■ **Task statement**: Make a verbatim transcription of the records, without the pictures.

Collected data
──────
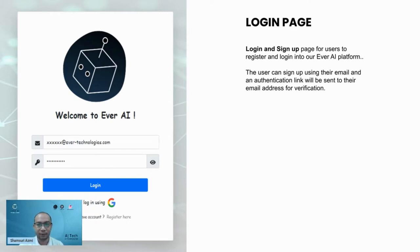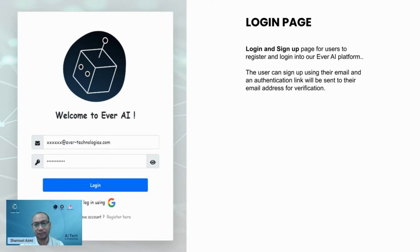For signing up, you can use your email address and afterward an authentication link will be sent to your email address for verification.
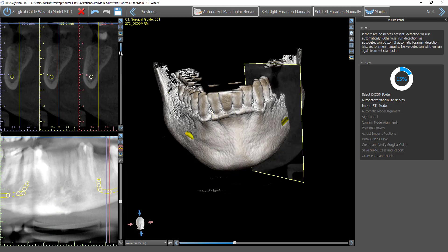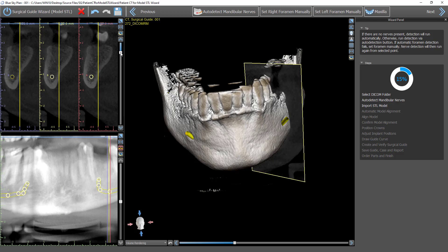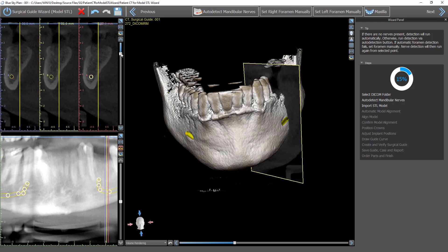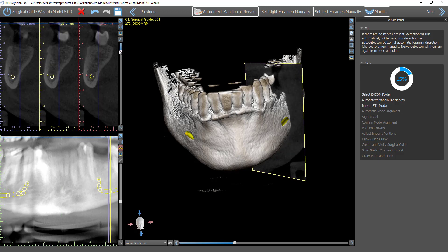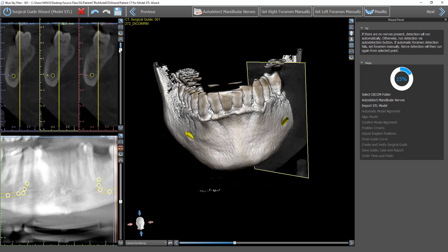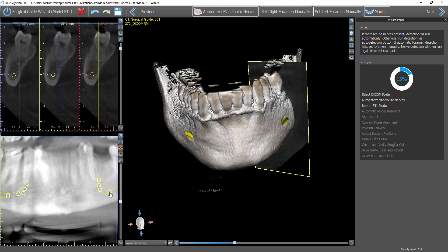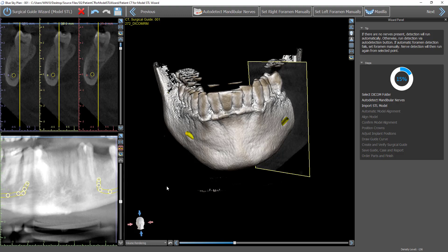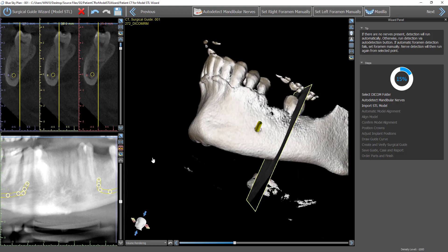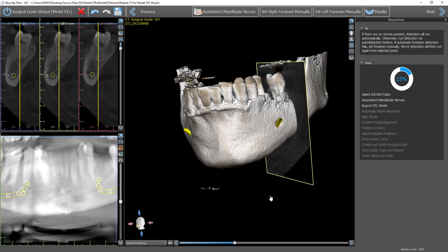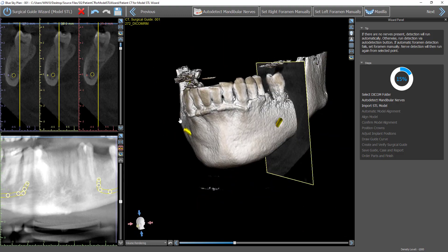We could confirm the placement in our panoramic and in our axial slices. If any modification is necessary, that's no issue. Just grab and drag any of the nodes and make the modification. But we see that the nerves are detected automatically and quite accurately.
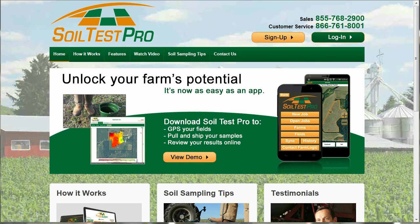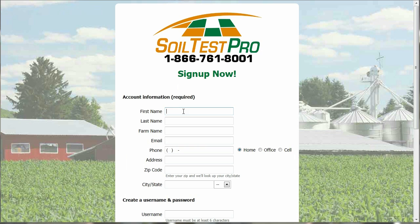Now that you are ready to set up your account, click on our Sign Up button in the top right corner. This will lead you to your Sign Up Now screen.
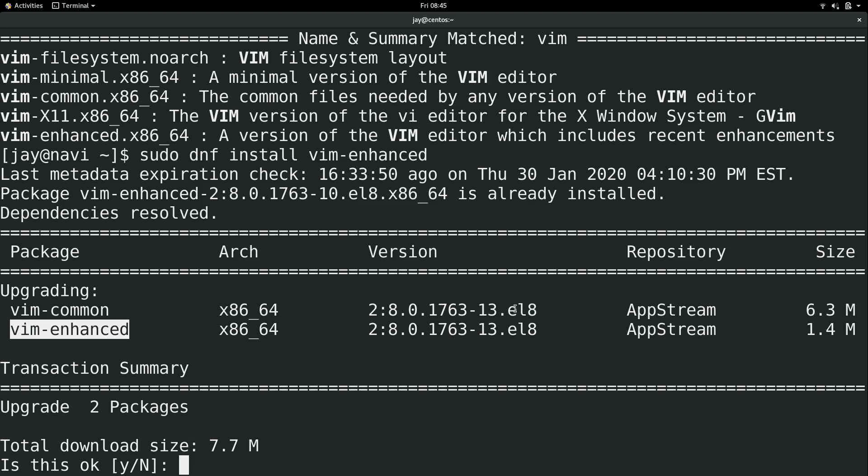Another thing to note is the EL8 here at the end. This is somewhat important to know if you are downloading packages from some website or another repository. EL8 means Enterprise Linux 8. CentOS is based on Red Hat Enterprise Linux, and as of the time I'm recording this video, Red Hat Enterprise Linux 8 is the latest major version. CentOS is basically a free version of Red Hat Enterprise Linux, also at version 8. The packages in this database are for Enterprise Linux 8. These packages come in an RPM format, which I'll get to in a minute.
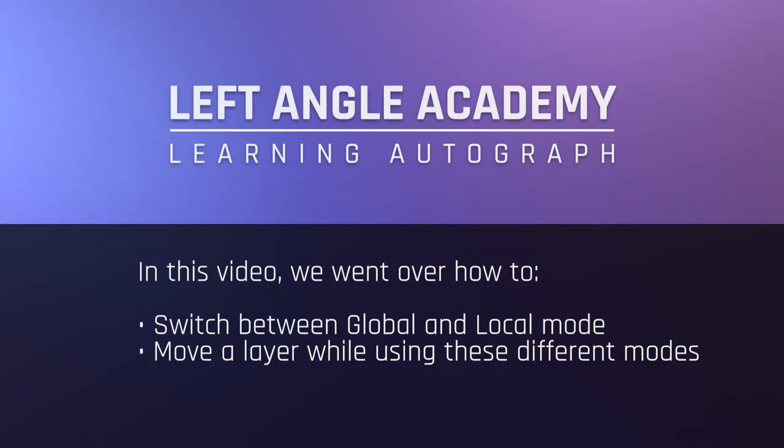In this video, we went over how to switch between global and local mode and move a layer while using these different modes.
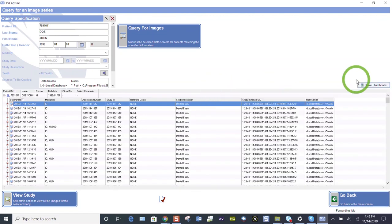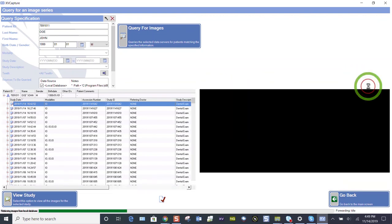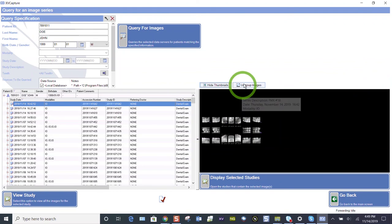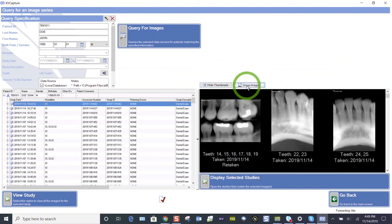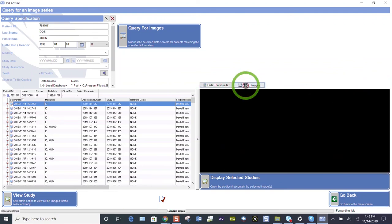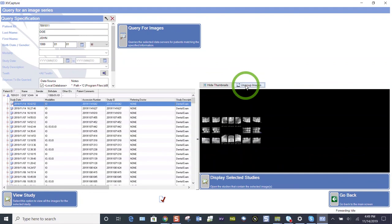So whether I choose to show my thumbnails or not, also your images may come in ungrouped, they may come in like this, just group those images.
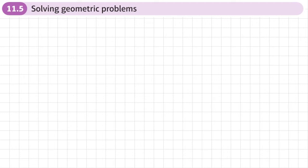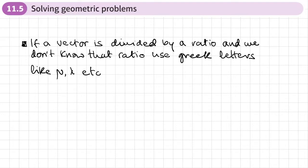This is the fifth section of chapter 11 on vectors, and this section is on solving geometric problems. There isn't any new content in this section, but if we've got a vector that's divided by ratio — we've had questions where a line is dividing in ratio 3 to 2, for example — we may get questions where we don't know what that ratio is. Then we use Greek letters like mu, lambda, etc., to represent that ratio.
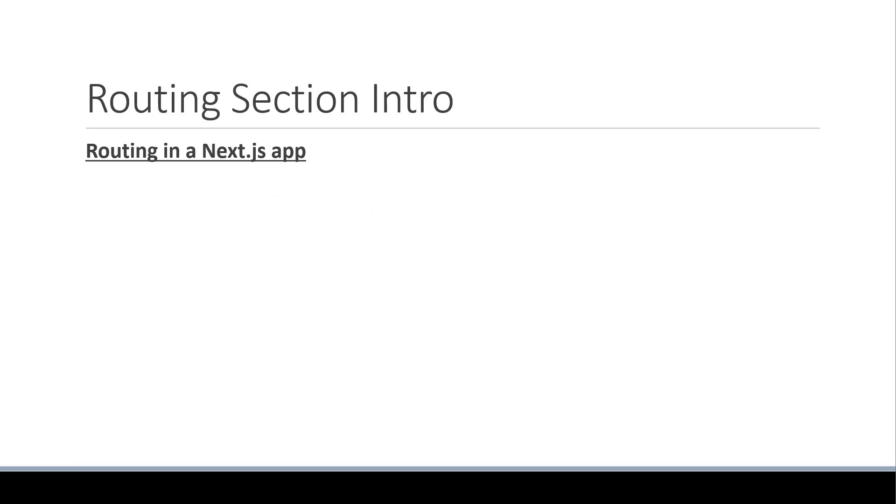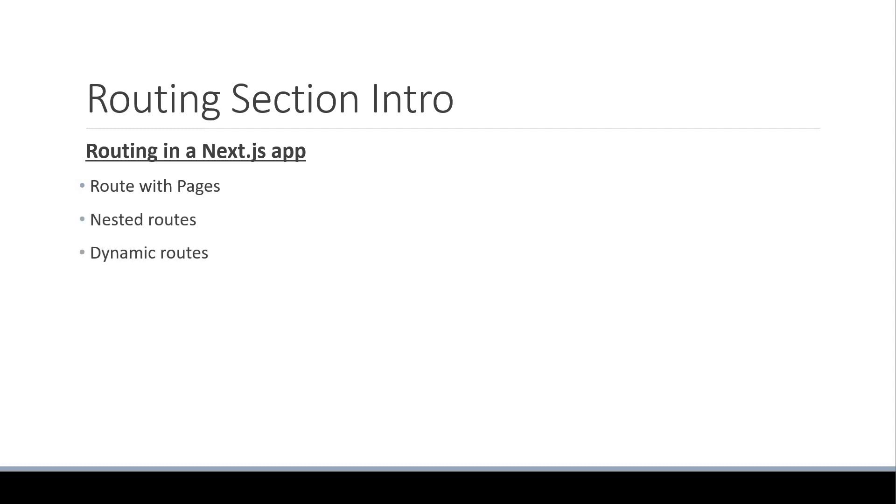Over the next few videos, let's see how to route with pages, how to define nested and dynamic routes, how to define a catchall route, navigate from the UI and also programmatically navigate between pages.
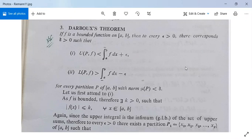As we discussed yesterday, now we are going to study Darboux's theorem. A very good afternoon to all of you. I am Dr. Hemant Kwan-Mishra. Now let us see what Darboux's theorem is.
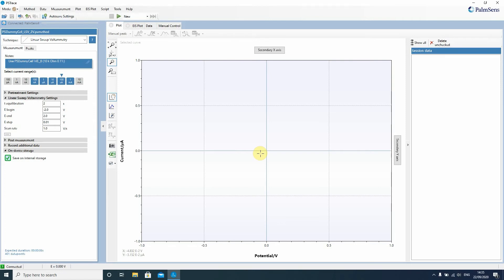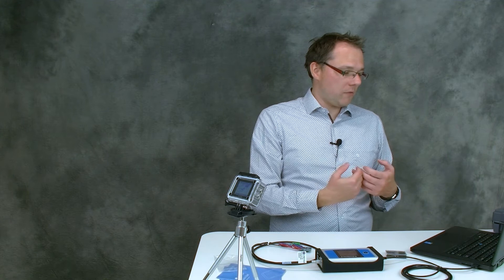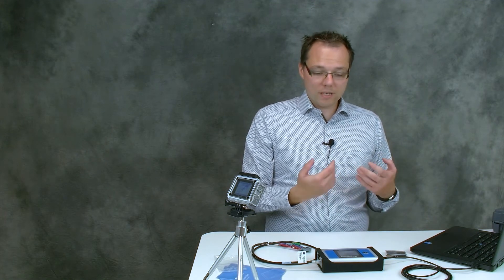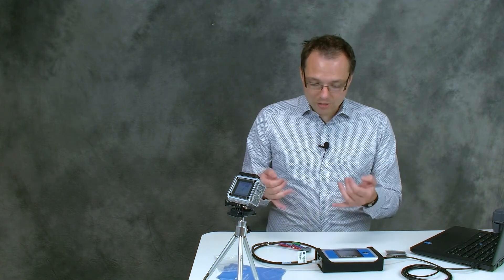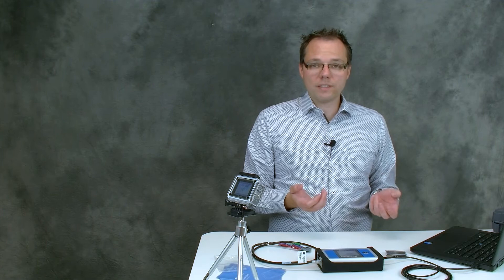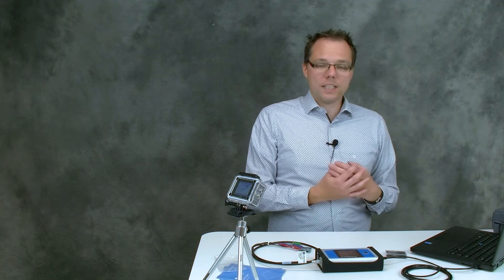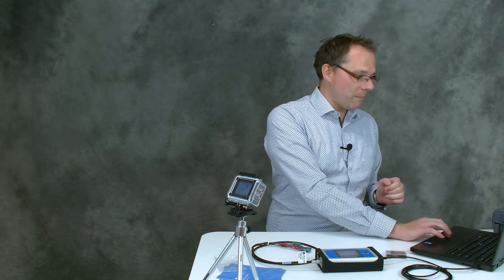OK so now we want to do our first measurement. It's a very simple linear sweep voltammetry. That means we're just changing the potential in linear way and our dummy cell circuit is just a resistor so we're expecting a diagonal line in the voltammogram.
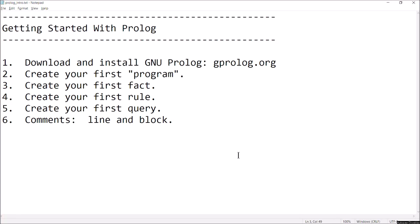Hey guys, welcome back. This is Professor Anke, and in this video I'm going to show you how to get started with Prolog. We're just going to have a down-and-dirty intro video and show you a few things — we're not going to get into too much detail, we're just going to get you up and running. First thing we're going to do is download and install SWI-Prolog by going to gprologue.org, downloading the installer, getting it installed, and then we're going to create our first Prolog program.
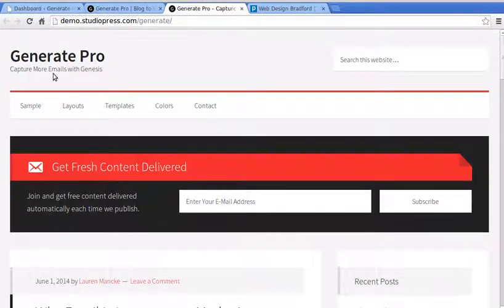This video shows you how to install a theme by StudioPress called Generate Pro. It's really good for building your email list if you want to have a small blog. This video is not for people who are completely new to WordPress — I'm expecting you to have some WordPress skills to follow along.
──────
■ **Output for this exercise**:
For signing up, you can use your email address and afterward an authentication link will be sent to your email address for verification.
We could confirm the placement in our panoramic and in our axial slices. If any modification is necessary, that's no issue. Just grab and drag any of the nodes and make the modification. But we see that the nerves are detected automatically and quite accurately.
Now that you are ready to set up your account, click on our Sign Up button in the top right corner. This will lead you to your Sign Up Now screen.
Another thing to note is the EL8 here at the end. This is somewhat important to know if you are downloading packages from some website or another repository. EL8 means Enterprise Linux 8. CentOS is based on Red Hat Enterprise Linux, and as of the time I'm recording this video, Red Hat Enterprise Linux 8 is the latest major version. CentOS is basically a free version of Red Hat Enterprise Linux, also at version 8. The packages in this database are for Enterprise Linux 8. These packages come in an RPM format, which I'll get to in a minute.
In this video, we went over how to switch between global and local mode and move a layer while using these different modes.
So whether I choose to show my thumbnails or not, also your images may come in ungrouped, they may come in like this, just group those images.
This is the fifth section of chapter 11 on vectors, and this section is on solving geometric problems. There isn't any new content in this section, but if we've got a vector that's divided by ratio — we've had questions where a line is dividing in ratio 3 to 2, for example — we may get questions where we don't know what that ratio is. Then we use Greek letters like mu, lambda, etc., to represent that ratio.
Over the next few videos, let's see how to route with pages, how to define nested and dynamic routes, how to define a catchall route, navigate from the UI and also programmatically navigate between pages.
As we discussed yesterday, now we are going to study Darboux's theorem. A very good afternoon to all of you. I am Dr. Hemant Kwan-Mishra. Now let us see what Darboux's theorem is.
OK so now we want to do our first measurement. It's a very simple linear sweep voltammetry. That means we're just changing the potential in linear way and our dummy cell circuit is just a resistor so we're expecting a diagonal line in the voltammogram.
Hey guys, welcome back. This is Professor Anke, and in this video I'm going to show you how to get started with Prolog. We're just going to have a down-and-dirty intro video and show you a few things — we're not going to get into too much detail, we're just going to get you up and running. First thing we're going to do is download and install SWI-Prolog by going to gprologue.org, downloading the installer, getting it installed, and then we're going to create our first Prolog program.
This video shows you how to install a theme by StudioPress called Generate Pro. It's really good for building your email list if you want to have a small blog. This video is not for people who are completely new to WordPress — I'm expecting you to have some WordPress skills to follow along.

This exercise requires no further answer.